I urge you to change course on the control center issue. Rather than forking yet another piece of the stack, focus instead on building in the infrastructure that allows control center plugins in any language and using any resources. That's how open source is supposed to work, and I assure you it will be a welcome set of changes.
 
Hmm, I know quite a bunch of people that do not work for Canonical and love Unity. ... Starting with my 63 years old grandma :)
 
+Bilal Akhtar

[Citation Needed]
"forking everything"
The entire existence of Canonical.
"everyone hates"
Maybe not everyone...you know, just as Microsoft is not hated by some people...people who work for Microsoft. /cough

"Also, if you don't like it, don't use it."
I don't. I use Windows 7 (for non-Linux apps and games) and Fedora 17. And believe me, I never knew Fedora was so smooth and so bloat free: no Unity, no Ubuntu One, no half-assed hacks that break the system, no OpenOffice!! A simple OS as GNOME intended it.

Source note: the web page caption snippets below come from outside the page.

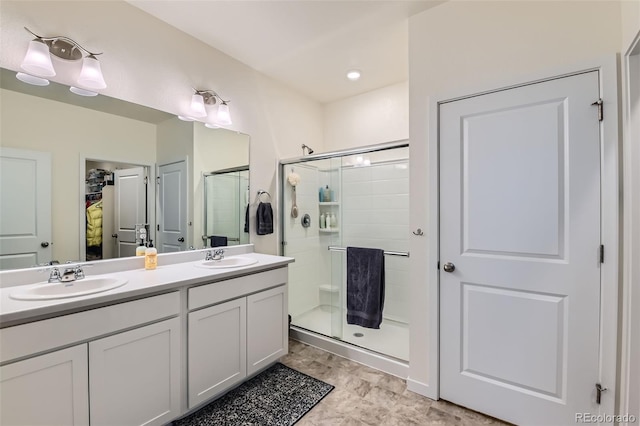 235 Yellowtail St, Bennett, CO 80102 - bathroom featuring a sink, a walk in closet, a shower stall, and double vanity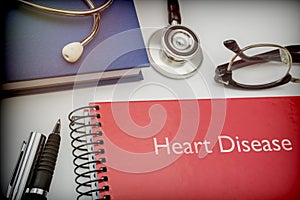 Titled red book Heart Disease along with medical equipment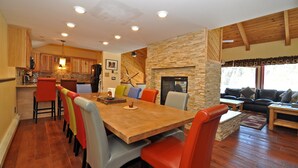A spacious living area with a wooden dining table, colorful chairs, a fireplace, and a cozy seating area with a sofa and coffee table. - Eagle's Ridge Lodge- 7 MIN WALK TO PEAK 9 & DOWNTOWN (Breckenridge)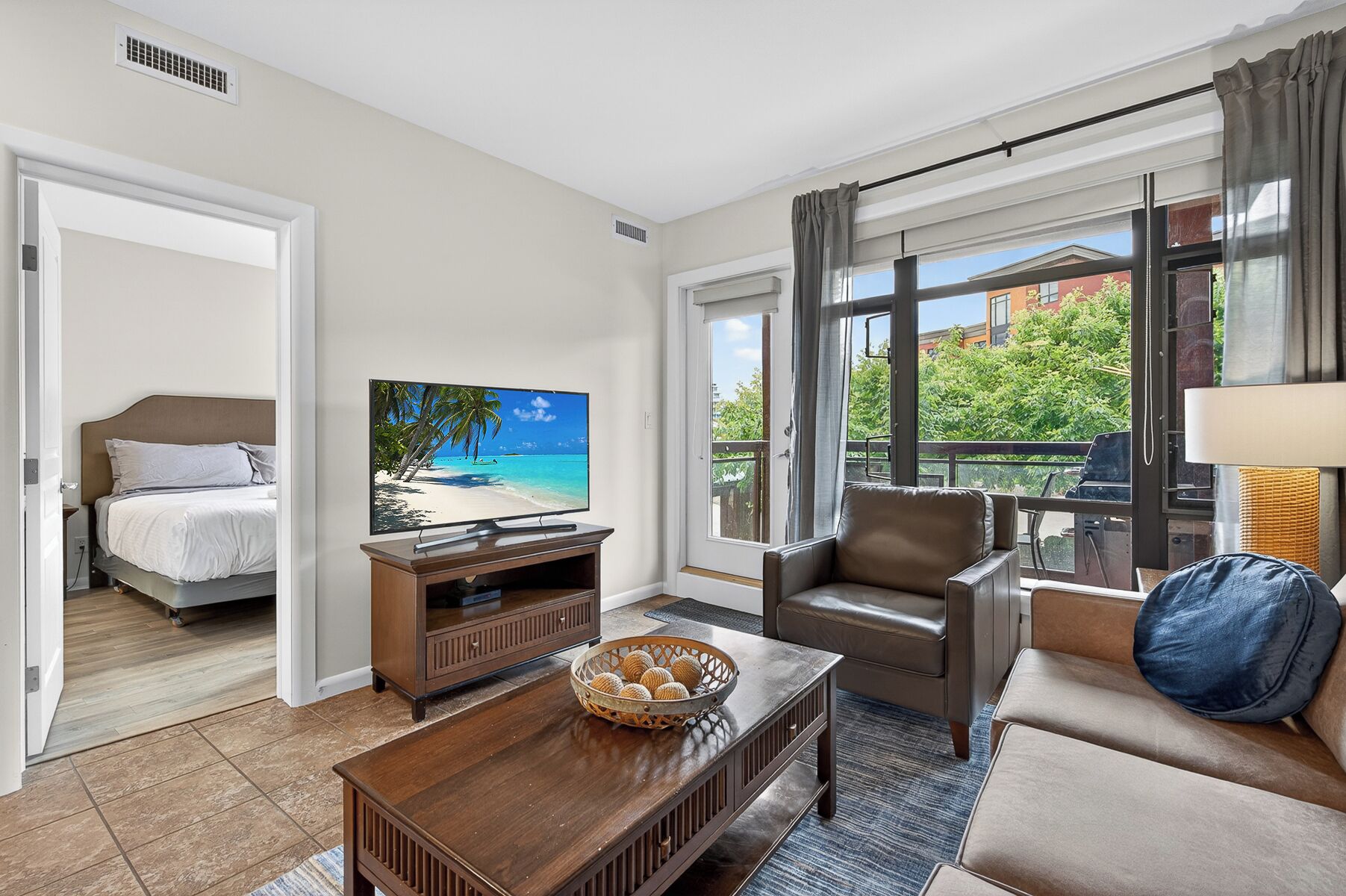 A hotel room with a bed, a TV, a sofa, a coffee table, and a window with a view of the outdoors.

"Canonical isn't charity anyway."
Wow. You do realize that you are undermining--not supporting--your argument? That Canonical isn't a charity is proof that it is using open source to further its own interests. Thank you for proving me right.
 
There will always be a handful of people that are the exception to any assertion. That doesn't change the fact that Unity has been almost universally rejected by the Linux community. People who work for Canonical don't count, for obvious reasons.
 
I tried gnome contacts a little while back, and it still seems very buggy. Gnome online accounts, gnome-contacts, and empathy still seem like beta quality software to me, I like them in theory, but noticed problems and bugs with them. First thing I do when I install ubuntu is uninstall all of them and install pidgin. /rant
 
your changes are designed to improve the Ubuntu/Unity experience for the millions of current and future Ubuntu/Unity users out there - so thanks for communicating, Bilal. I reckon it's best to ignore such detractors who want to criticise Canonical at any opportunity - and i'm sorry you had to bear that.
 
And months later, we are on the same debate again, sigh...

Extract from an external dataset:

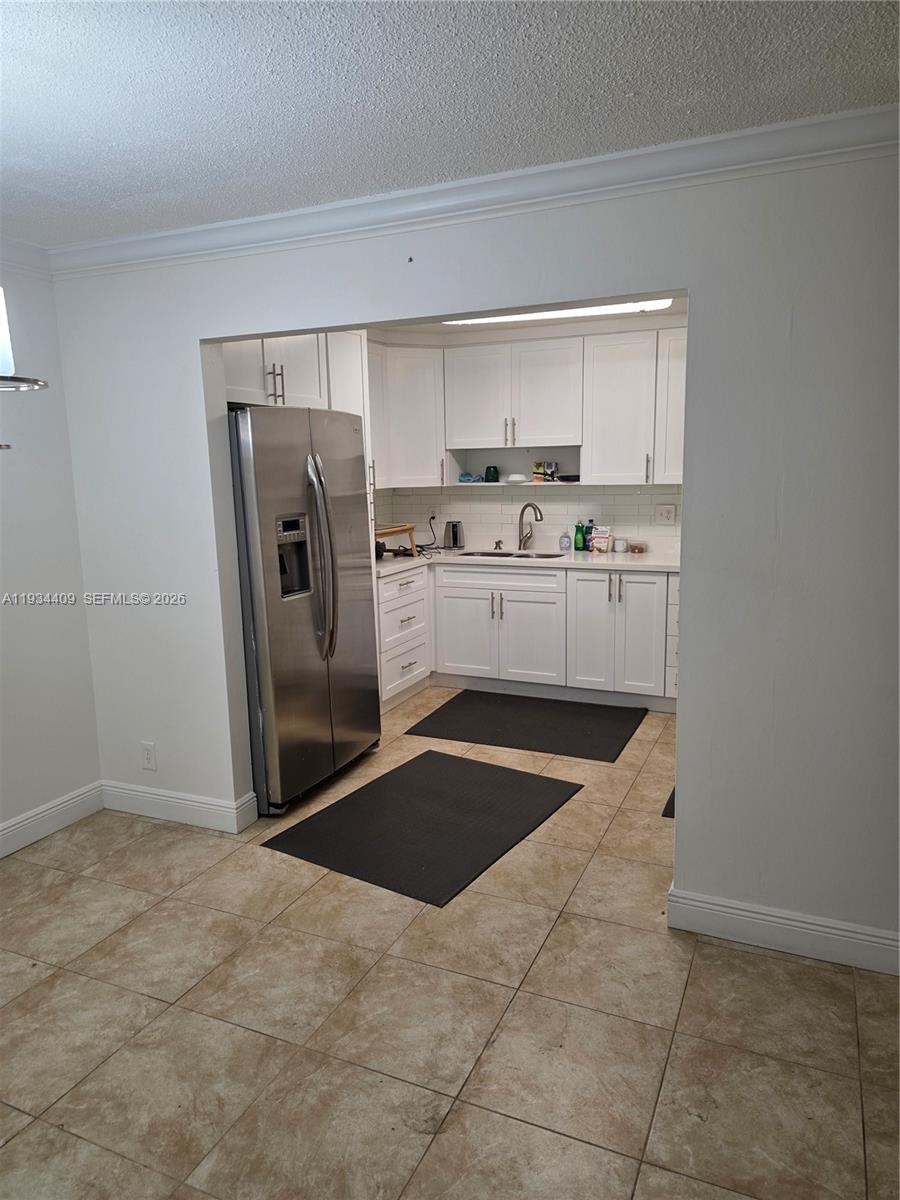 A kitchen features white cabinetry, stainless steel appliances, and light-colored tile flooring — 1811 Jefferson St # 501, Hollywood FL 33020, HOLLYWOOD, FL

Ubuntu has 20 million desktop users, and I'm willing to bet at maximum 1-3 million of them use kubuntu/etc. So that means around 17-19 million Unity users.

Just go and see the polls. The vast majority of users like Unity. And even the ones who don't, should just be happy with their alternative DE (Xfce, GS, etc) instead of mindless hate.
 
yes, yes, yes +Art Cancro we all trust you ... Unity is evil, microsoft created product that has the only purpouse of taking Linux down once at for all.
However Ballmer's mean plan won't succeed because apparently there isn't a single user of Unity out there, that has be written countess of time on all Linux blogs out there.
In fact Unity is so disgraceful that people that even consider using it are chased by the law and when caught they are applied capitol punishment via brazen bull.
 
Unity is exciting because its a truely modern dock with 3D vector graphics using OpenGL embedded, with touch, and suitable for post-PC devices as well as desktop, i.e. phones, tablets, TV, IVI, IFE. Understandably Canonical want to address all these "screens" as best they can. It's amazing feat that such a new desktop has delivered what it has in 12.04 - and clearly they aren't standing still. 
 
You can find rage threads like that about EVERY desktop environment...I certainly like unity :)

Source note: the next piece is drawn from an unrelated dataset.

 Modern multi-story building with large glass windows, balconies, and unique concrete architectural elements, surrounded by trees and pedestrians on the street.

also that second link you posted is dumb, his pc froze and he had no backup. A freeze can happen for any number of reasons, not necessarily unity's fault, and even so you should have backups for things like that. Your posts amount to nothing but immature trolling, and I won't be replying to any more of them :p
 
Thanks for giving up on your baseless argument.
 
+Georgi Karavasilev Let me guess, you are under the age of 20? I am not saying this as an insult, but grow up. And when you do, (and realize that Transformers is not the best movie ever made) you will realize that Unity from a design standpoint, is atrocious. It simply breaks every single HIG out there and is bafflingly, sometimes incredibly, backwards. I could have made a better UI with my hands tied behind my back.
 
Is the control-center still under active development, will it be ready for 13.04 and when will we see a public preview?
 
And iwant to say: Unity is great and i love it. Don't be angry, thats only my opinion :)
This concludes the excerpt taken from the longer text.